Jamie Catt


Blog of Jamie Catt

Framed In Negatives: Portraits

Tung Chung, Hong Kong, 2017   |   Canon AE-1, Kodak Tri-X 400

Tung Chung, Hong Kong, 2017   |   Canon AE-1, Kodak Portra 160

This set is a long collection of portrait shots of my sister during my Spring Break in Hong Kong.


We're all in the same boat: shooting sceneries, moments and milestones. But if there were a couple of lessons that I learned when I took up film photography was the value of looking things in black and white. You give more focus and emphasis in tones, in values and contrast, in composition and framing.

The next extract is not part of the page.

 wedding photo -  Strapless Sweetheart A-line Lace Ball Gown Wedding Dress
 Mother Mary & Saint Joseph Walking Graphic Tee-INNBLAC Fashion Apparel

I was under the class of one of the great professors I came across, Chris Johnson, who worked alongside one of the remarkable and renowned photographers in history and in nature, Ansel Adams as well as Wynn Bullock. Passing down his knowledge and experience to us from the great masters himself was an overwhelming opportunity. If only my limited amount of electives could allow it, I would love nothing more than to take up his more advanced classes, in digital and in film.

He taught us that it's not all about making pretty pictures but making meaningful ones that creates a connection to its viewer. Our professor would always ask for our opinions during critique and make us question the work of our colleagues. It circles back to the same set of Q's but every single time, the answers and learning outcomes are different: "Which captures your attention?" "What is the main focus?" "If I cover this part, do you think it makes the image stronger? Or does it take away from the overall composition of the image?"

This just goest to show that there's always something new to gather and learn; from others and from your own body of work. As Sydney-based food and lifestyle photographer, Luisa Brimble encourages her thousands of followers on Instagram Stories, "Study your own work. Train that brain. Increase your visual literacy."

That being said, here are some bullet points I learned as I progressed with my journey in film photography:

  • Balanced compositions and symmetry makes a compelling image.
  • A photo is a story without words, and you try to create or evoke thoughts and feelings into a single image without saying anything at all. Every element, every piece of object, every person in that exact moment counts.
  • Portraiture is about capturing the character and expressions of the person. Shooting people means capture the soul of their being and trying to convey who they are as a person in a single or a series of images.
  • Candid, spontaneous moments are once in a lifetime events that happens in the split of a second. Capture things that matters most (to you).